In this new edition, our concern is to bring forth the political and military context in which the decisions on the genocide were made. In the first part of this very extensive documentation we limit ourselves to about 1000 papers covering the time frame from the outbreak of war in 1914 to May 1915 when the official Turkish deportation orders for Armenians were issued. In following editions we will put out further political and military documents covering the period to the end of the war.
Certain special aspects of German Near East policy are to appear in small, special editions of Foreign Ministry files, for example, with respect to the “Holy War” sought by the German Emperor and proclaimed by the Sultan, which ended up in a complete fiasco, but which betrays a good deal about German as well as Turkish intentions.

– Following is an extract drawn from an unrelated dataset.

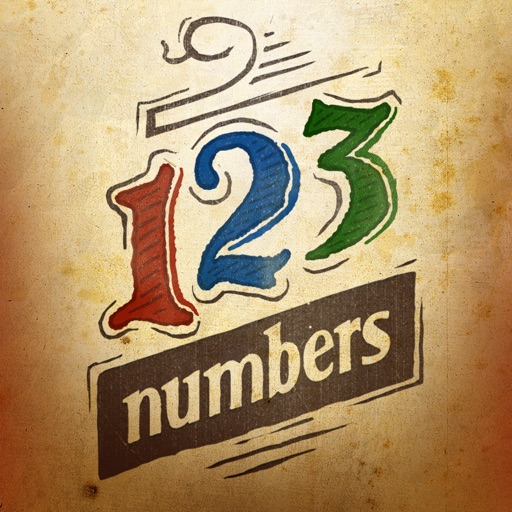 Numbers Game - doodle logic quiz. Addictive number match puzzle iOS App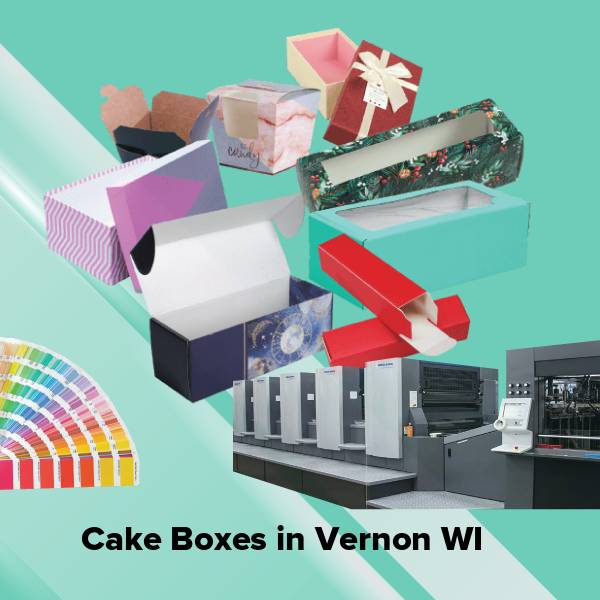 Cake boxes in vernon wi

There are protocols from certain registries here that we are publishing here for the first time, those under the rubrics “German-Turkish Alliance,” “Grand Headquarters,” “World War I,” and “World War I Secret,” each of which relates to the time between the outbreak of war and May 1915. The protocols contain the single documents we are publishing, plus about a hundred documents in full (but not indexed) which in our view are less important, as well as references to still other documents identified through brief descriptions. In all cases, we have selected only those documents which belong to the category of “German Orient Policy.”
We are a group of scholars who publish state documents, but we are not acting on any commission whatsoever and do not receive a penny of state support. All the more reason to single out for thanks those friends who have helped us substantially. Thus we express our deep gratitude to Mehmet Uluisik and Serdar Dincer in Berlin for having made documents available to us and prepared translations. In the United States we have received support from Marc A. Mamigonian, Director of Academic Affairs of the National Association for Armenian Studies and Research (NAASR) and the Knights of Vartan Fund for Armenian Studies, from Robert Mirak of the John Mirak Foundation in Arlington (MA) and his sister Muriel Mirak-Weissbach. We are very grateful to all of them not only for their material and project-related technical support, but also for encouraging us to continue our work on the documentation of the Armenian genocide.
I want to make special mention of the infinitely precious help of my wife Sigrid, who, despite a serious and painful illness, has tirelessly proofread and corrected the work; she has deciphered many hand written manuscripts which often even German historians had not managed to decode, a fact which helps explain why so many valuable remarks and commentaries have remained unpublished to the present day.